**Dataset excerpts**
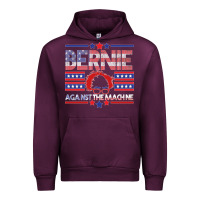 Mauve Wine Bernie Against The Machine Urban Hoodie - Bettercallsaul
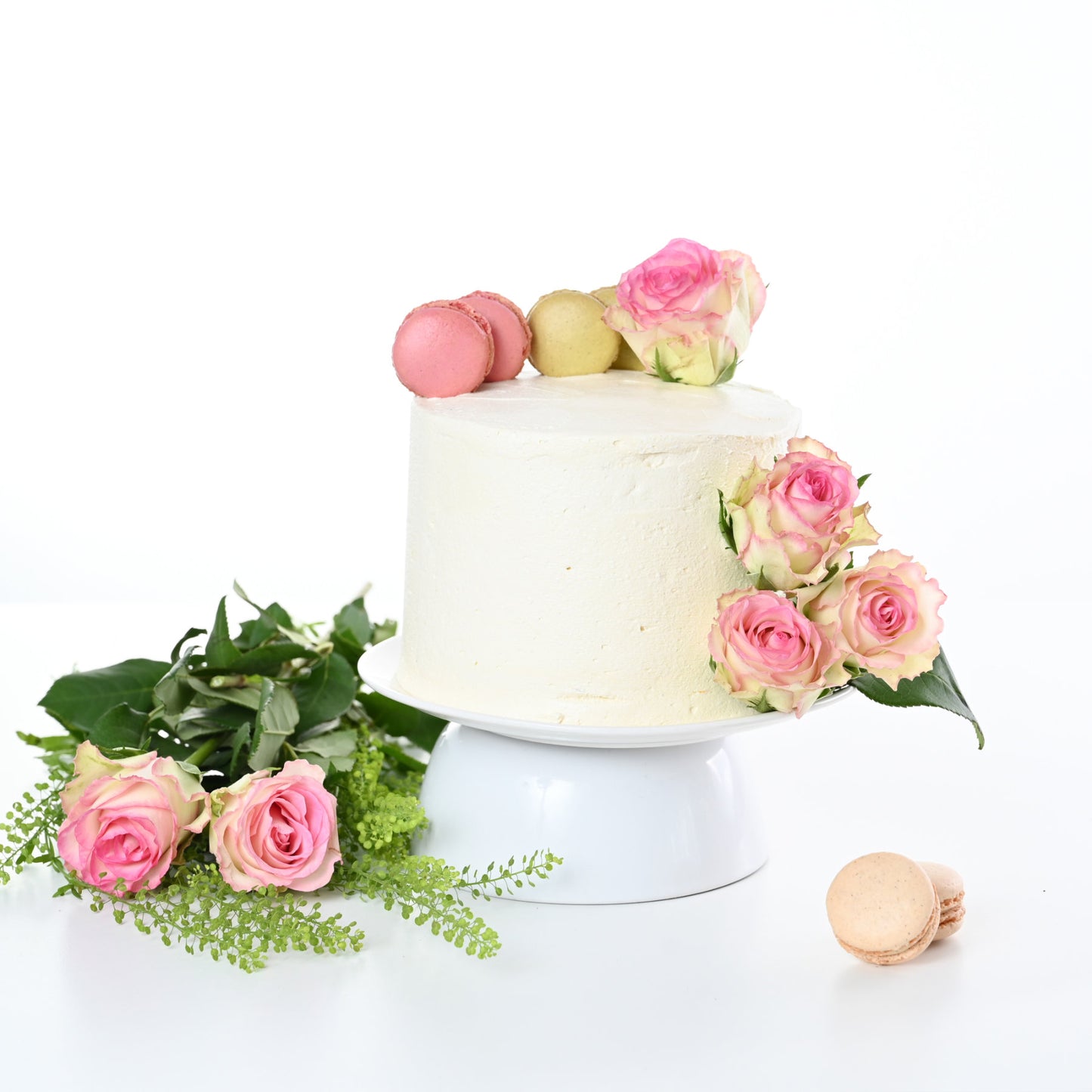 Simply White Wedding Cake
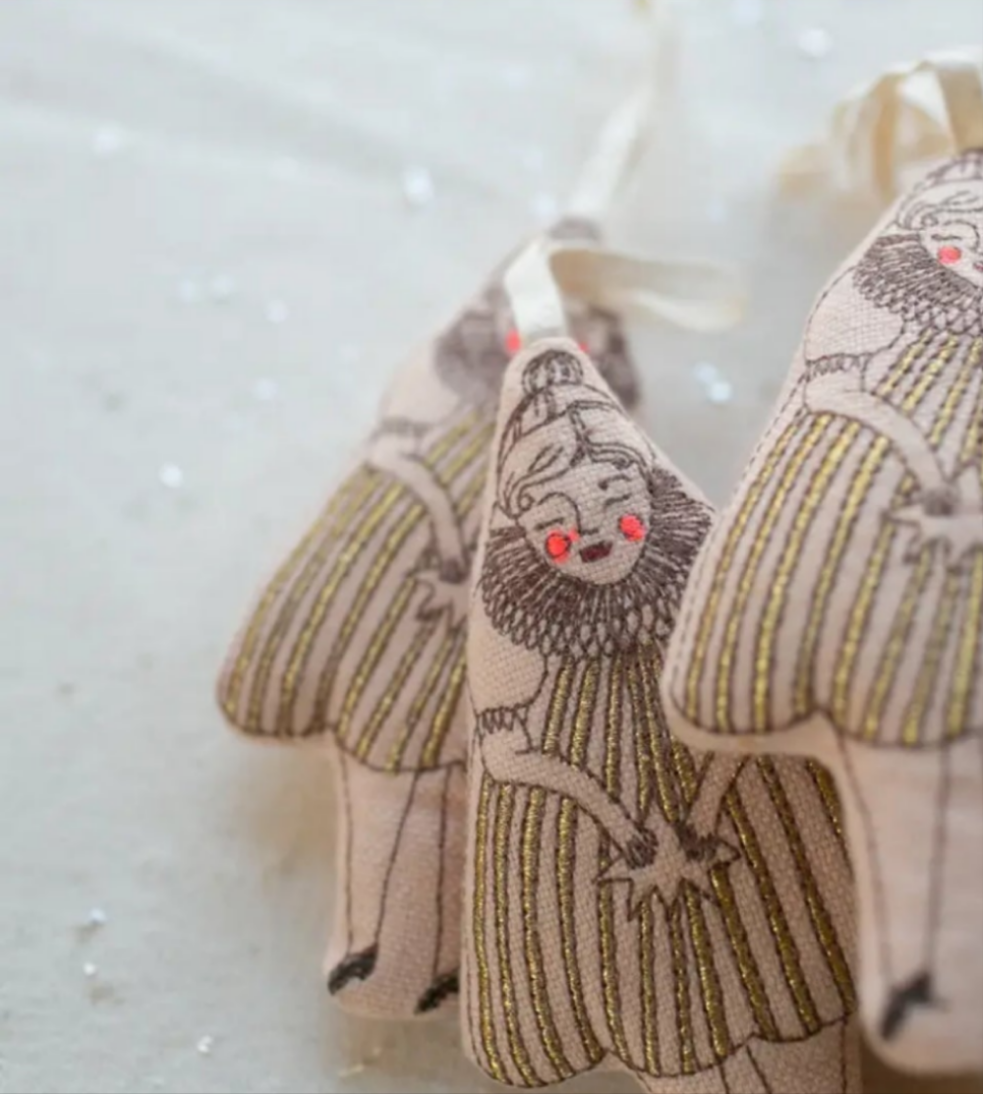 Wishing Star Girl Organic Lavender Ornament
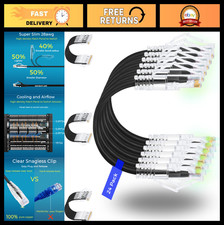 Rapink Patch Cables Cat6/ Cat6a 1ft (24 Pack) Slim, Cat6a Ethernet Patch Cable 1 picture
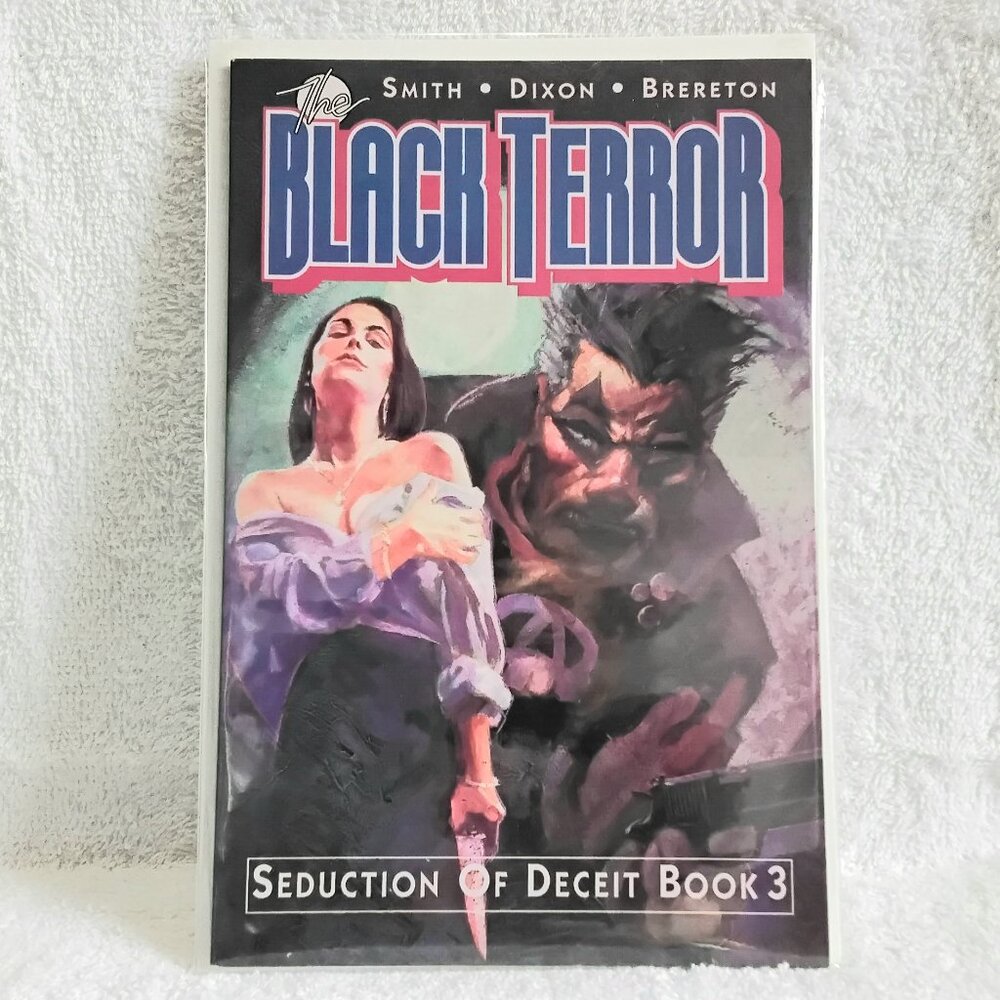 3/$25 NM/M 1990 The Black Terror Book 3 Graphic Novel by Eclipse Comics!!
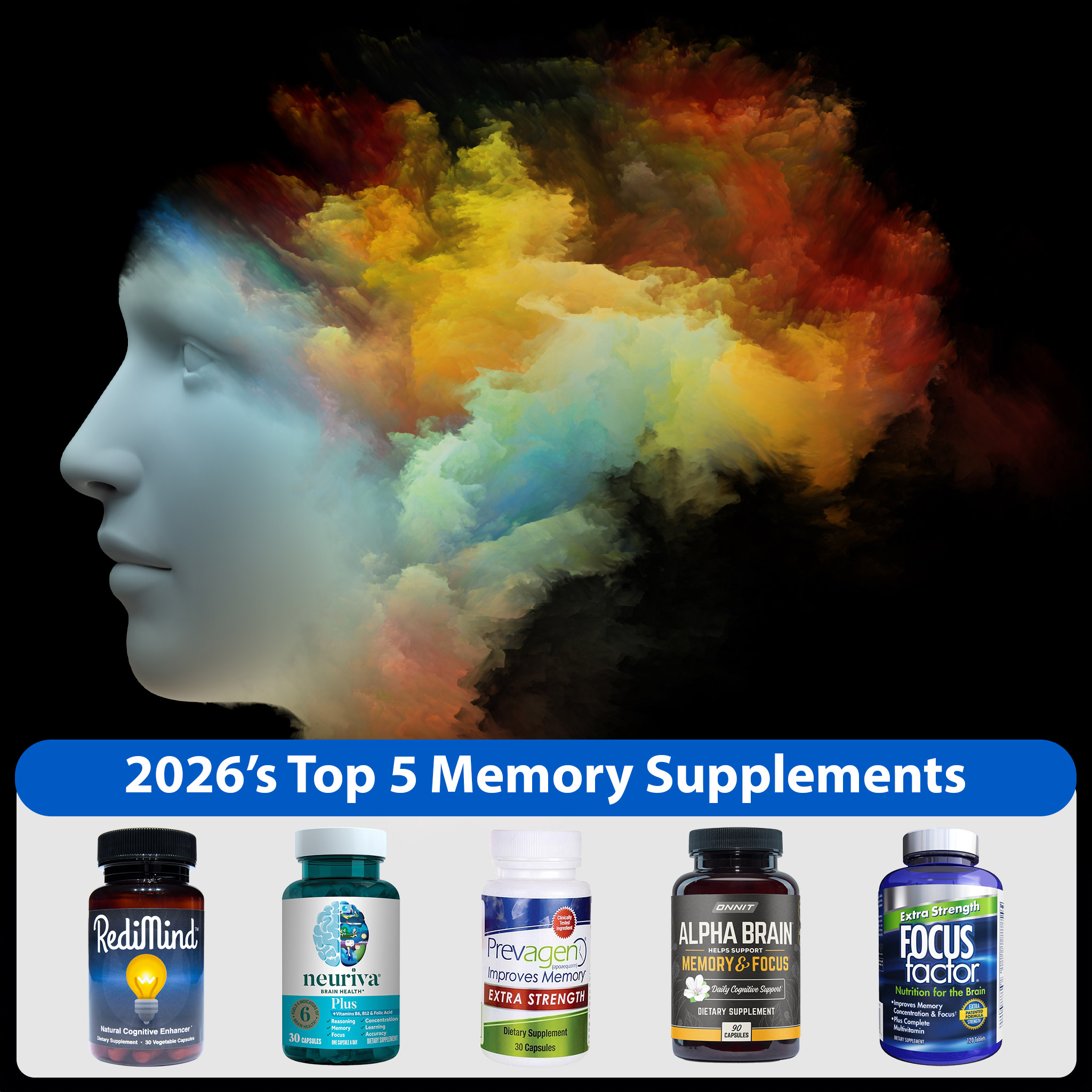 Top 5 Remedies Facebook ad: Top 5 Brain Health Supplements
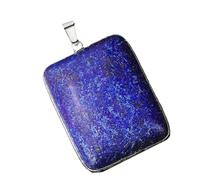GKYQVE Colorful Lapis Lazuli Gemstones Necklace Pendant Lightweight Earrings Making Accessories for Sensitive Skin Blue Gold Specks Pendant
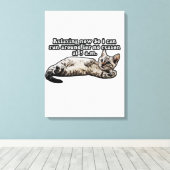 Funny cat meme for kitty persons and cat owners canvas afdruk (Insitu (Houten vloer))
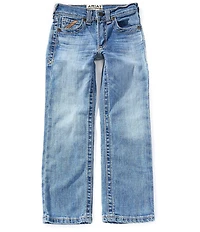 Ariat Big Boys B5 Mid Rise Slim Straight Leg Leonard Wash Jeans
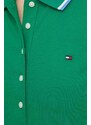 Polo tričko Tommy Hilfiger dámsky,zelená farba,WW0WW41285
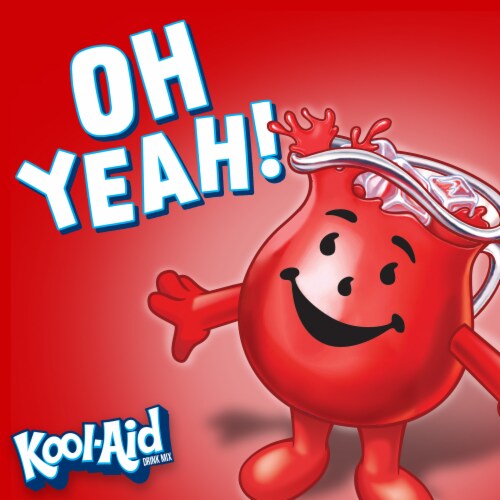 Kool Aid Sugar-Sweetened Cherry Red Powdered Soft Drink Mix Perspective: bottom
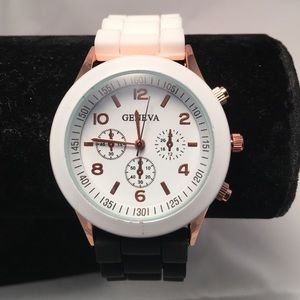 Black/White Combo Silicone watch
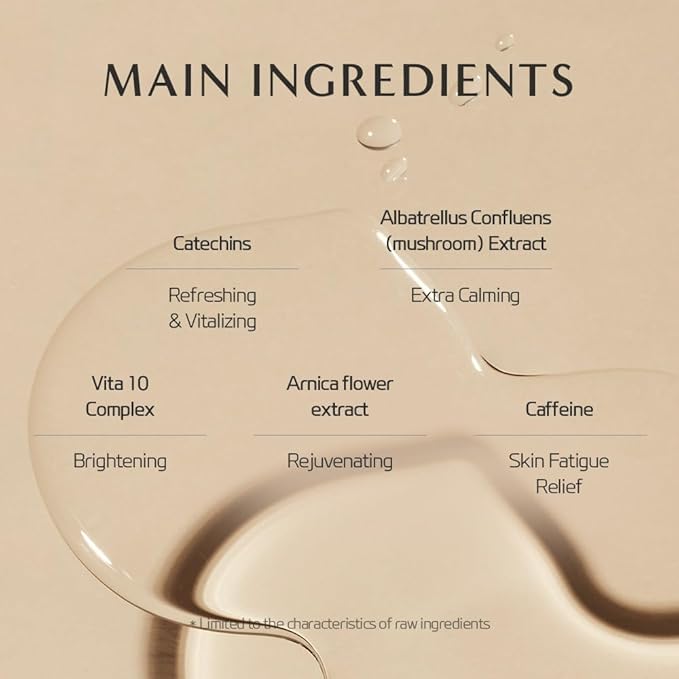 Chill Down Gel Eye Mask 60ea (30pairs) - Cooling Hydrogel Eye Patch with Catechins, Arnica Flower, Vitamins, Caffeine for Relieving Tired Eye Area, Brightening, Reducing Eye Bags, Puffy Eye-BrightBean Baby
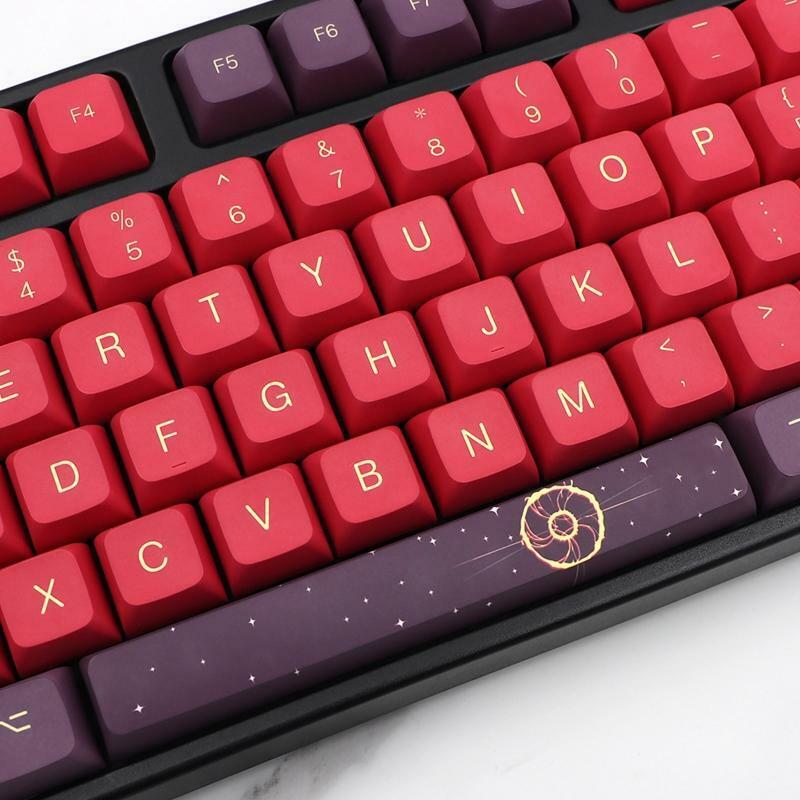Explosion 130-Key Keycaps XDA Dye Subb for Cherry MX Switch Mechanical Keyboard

**Problem details**
Beginning with the line where "3/$25 NM/M 1990" appears, restate word for word every line down to the last one in the data, but keep the pictures out.

**Written response**
 3/$25 NM/M 1990 The Black Terror Book 3 Graphic Novel by Eclipse Comics!!
 Top 5 Remedies Facebook ad: Top 5 Brain Health Supplements
GKYQVE Colorful Lapis Lazuli Gemstones Necklace Pendant Lightweight Earrings Making Accessories for Sensitive Skin Blue Gold Specks Pendant
 Funny cat meme for kitty persons and cat owners canvas afdruk (Insitu (Houten vloer))
 Ariat Big Boys B5 Mid Rise Slim Straight Leg Leonard Wash Jeans
 Polo tričko Tommy Hilfiger dámsky,zelená farba,WW0WW41285
 Kool Aid Sugar-Sweetened Cherry Red Powdered Soft Drink Mix Perspective: bottom
 Black/White Combo Silicone watch
 Chill Down Gel Eye Mask 60ea (30pairs) - Cooling Hydrogel Eye Patch with Catechins, Arnica Flower, Vitamins, Caffeine for Relieving Tired Eye Area, Brightening, Reducing Eye Bags, Puffy Eye-BrightBean Baby
Explosion 130-Key Keycaps XDA Dye Subb for Cherry MX Switch Mechanical Keyboard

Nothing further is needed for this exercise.